PCM is a resistive memory technology that can provide non-volatile storage but has the potential of relatively faster operation compared to flash memory. PCM, as the name implies, uses the change in resistance of a material when it changes phase in order to store data in a non-volatile manner. For example, an alloy of different elements might change from a crystalline phase having a low resistance to an amorphous phase having a high resistance. If the material could exhibit multiple distinctly different resistances, each different resistance can then be assigned a respective data value (e.g., 00, 01, 10, 11).
The phase change in PCM is brought about by heating the phase change material of each memory cell when it is addressed. This can be accomplished by a heater for each memory cell. When the heater is enabled by a current, it heats a chalcogenide alloy (e.g., germanium, antimony and tellurium (GeSbTe) or GST). When GST is heated to a relatively high temperature (e.g., over 600° C.), its chalcogenide crystallinity is lost. The GST cools into an amorphous glass-like state having a high electrical resistance. By heating the chalcogenide alloy to a temperature above its crystallization point but below the melting point it will transform back into a crystalline state having a lower electrical resistance.
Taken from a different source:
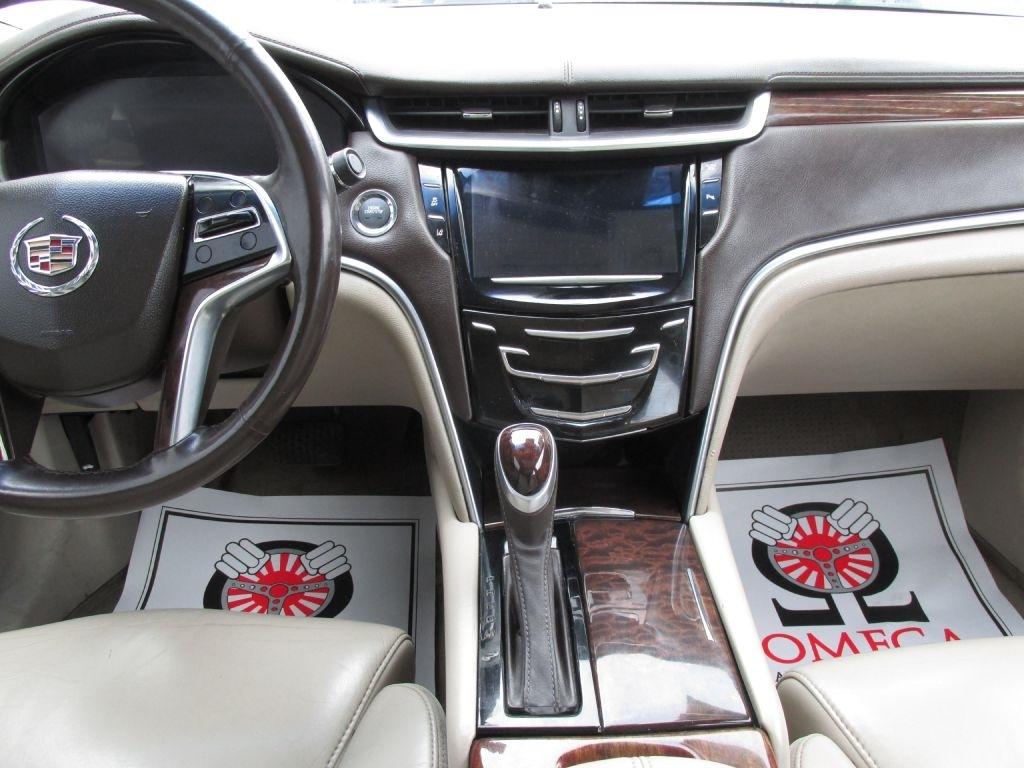 Cadillac XTS  2013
The demand for higher operating speeds and greater storage capacity in memory devices continues to increase. This demand is accompanied by a need for a reduction in the latency of signals propagating within memory devices in order to facilitate the desired increase in operating speed. The latency of these signals can be cumulative and undesirable in light of the demand for reducing overall latency in memory devices. One source of latency in memory devices is circuitry (e.g., circuit(s)) which are commonly referred to as decoder circuits. These decoder circuits introduce delays (e.g., increase signal latency) as these signals propagate through one or more levels (e.g., layers) of decoder circuits in a memory device.
For the reasons stated above, and for other reasons stated below which will become apparent to those skilled in the art upon reading and understanding the present specification, there is a need in the art for decoder circuits which facilitate a reduction in the delay of signals propagating within memory devices.